[Opening Data to examine section]

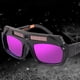 thumbnail image 5 of Gafas de soldador con atenuación automática pro Gafas Pc ajustables, 5 of 7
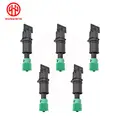 5PCS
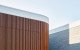 SCBPhoto Masters Enclave 009 edit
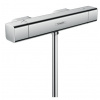Hansgrohe Ecostat E - Termostatická sprchová batéria, chróm 15773000 HG 15773000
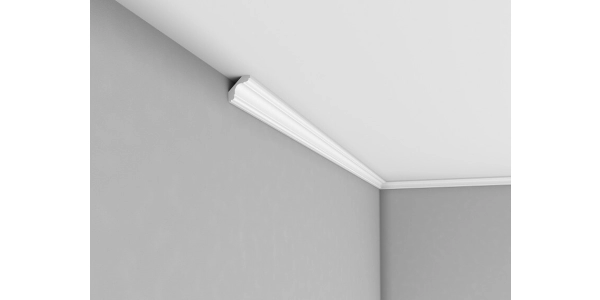 Listwa sufitowa MDB106 Mardom Decor - MDB106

[Closing Data to examine section]

### Problem to solve:
Word-for-word repeat, images excluded: return all the data.

### Written response:
 thumbnail image 5 of Gafas de soldador con atenuación automática pro Gafas Pc ajustables, 5 of 7
 5PCS
 SCBPhoto Masters Enclave 009 edit
Hansgrohe Ecostat E - Termostatická sprchová batéria, chróm 15773000 HG 15773000
 Listwa sufitowa MDB106 Mardom Decor - MDB106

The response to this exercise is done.